_TASK INPUTS_:

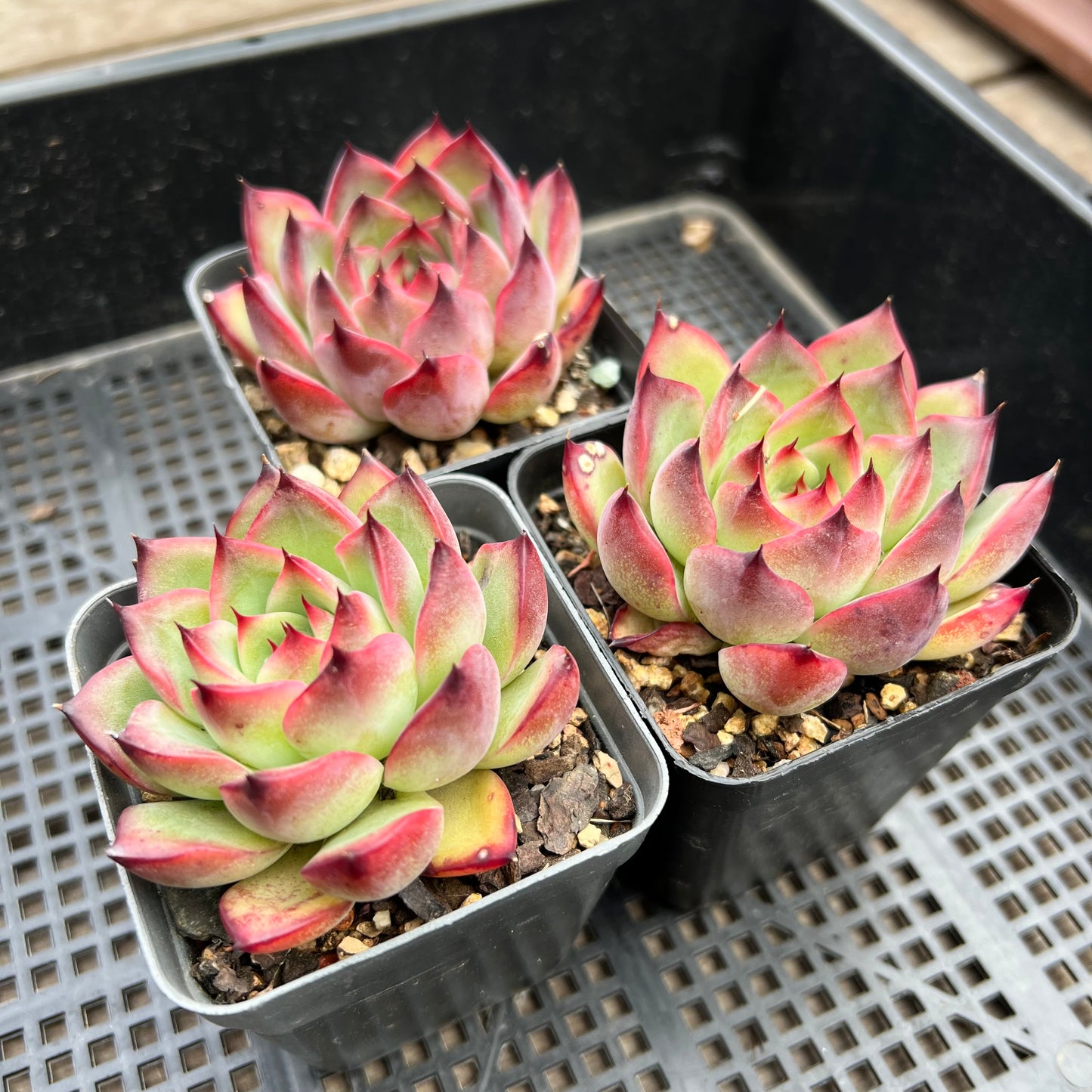 Echeveria Fire Pillar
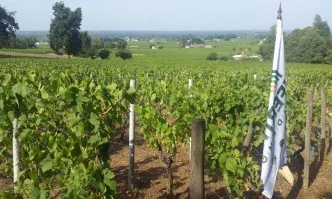 Завърши международна среща по Програма Хоризонт 2020 засягаща намаляването на пестицидите при производството на грозде, плодове и зеленчуци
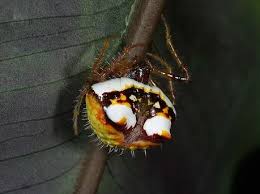 Image result for Poecilostachys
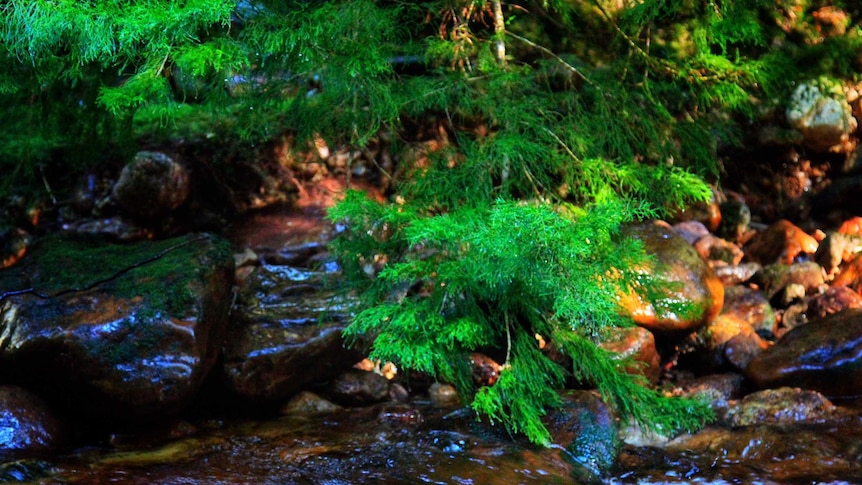 Huon pine has been around for thousands of years.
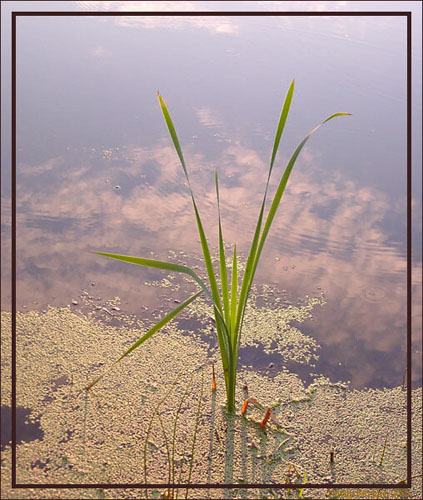 photo "A Sky on water" tags: landscape, clouds, water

_WHAT IS NEEDED_: Please restate all of the listing above word for word, with no pictures.

_WRITTEN RESPONSE_:
 Echeveria Fire Pillar
 Завърши международна среща по Програма Хоризонт 2020 засягаща намаляването на пестицидите при производството на грозде, плодове и зеленчуци
 Image result for Poecilostachys
 Huon pine has been around for thousands of years.
 photo "A Sky on water" tags: landscape, clouds, water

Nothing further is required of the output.